“This strategy may yield income tax savings and reduce your capital gains tax liability.”
For many of us, December 31 is the day we resolve to do all the things we resolved to do exactly one year ago and never actually did. Since we are financial advisors, we won’t even touch the “lose weight and exercise” thing, but what we can help you do is effectively take advantage of the various end-of-year tax strategies.
To that end, we offer our Nine Endof-Year Tax Resolutions that we suggest you make—and keep—not after December 31, but starting now:
1. Resolve to catalog and take stock of all of your retirement accounts.
If you’re a full-time W-2 employee, as early as possible in Q4, confirm that you’ve contributed the maximum allowable amounts to your employer-sponsored qualified retirement plans. If not, have HR/payroll accelerate your contributions to get you to the maximum by December 31.
Also, if your spouse or partner earns self-employment income, consider using a qualified pension plan, which can create an income tax deduction.

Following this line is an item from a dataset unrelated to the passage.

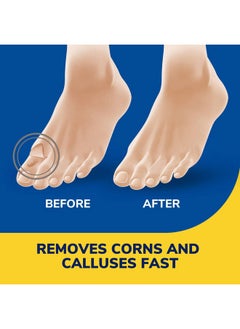 Dr. Scholl's Liquid Corn & Callus Remover, 0.33 Ounce // Removes Corns & Calluses Fast with Cushions That Provide Protection Against Shoe Pressure and Friction for All-Day Pain Relief  - Image 3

2. Resolve to review your tax liability.
As early as possible in Q4, review year-to-date income, withholding and estimated tax payments to calculate whether you’ve underpaid based on last year’s taxes. If so, either adjust your withholding, or make an estimated payment in Q4.
3. Resolve to make required IRA distributions—whether as the owner or an heir.
At age 59½, you can begin withdrawing money from your IRA accounts. At age 70½, you must begin taking what the IRS calls required minimum distributions. IRA owners and inheritors face severe penalties for not taking the minimum distribution—a potential 50 percent penalty tax. So, ensure that mandatory distributions are satisfied before year’s end. Also consider a QCD (qualified charitable distribution), from your IRA, which allows the transfer of up to $100,000 annually from your IRA directly to a qualified charity.
4. Resolve to consider switching your IRA(s) to Roth IRA(s).
You do pay taxes when you convert a traditional IRA to a Roth IRA, but . . . with a Roth, you avoid taking required minimum distributions, and you receive tax-free income in retirement. But before converting to a Roth, carefully consider your entire tax and financial picture.
5. Resolve to fully fund 529 education accounts.
Not making the maximum contribution to your 529 means you may miss not only your goal, but also tax benefits provided by your state.
6. Resolve to proactively manage your portfolio.
If you have earnings on some of your portfolio’s accounts and losses on others, consider tax-loss harvesting. This strategy may yield income tax savings and reduce your capital gains tax liability.
7. Resolve to review the impact of the Tax Cuts and Jobs Act of 2017.
The standard tax deduction has doubled from $12,000 to $24,000. If you normally itemize deductions, see if a doubled standard deduction exceeds your itemized ones. If so, the new standard deduction probably makes more sense.
8. Resolve to review your philanthropic contributions.
If you feel the philanthropic urge but have no specific charity in mind, consider establishing and contributing to a donor advised fund (DAF) by December 31. You contribute whatever suits you, then later assign amounts to specific charities. Your contribution will be eligible now for a tax deduction. Most funds allow cash bequests and/or donations of appreciated property.
9. Resolve to put money into a health savings account.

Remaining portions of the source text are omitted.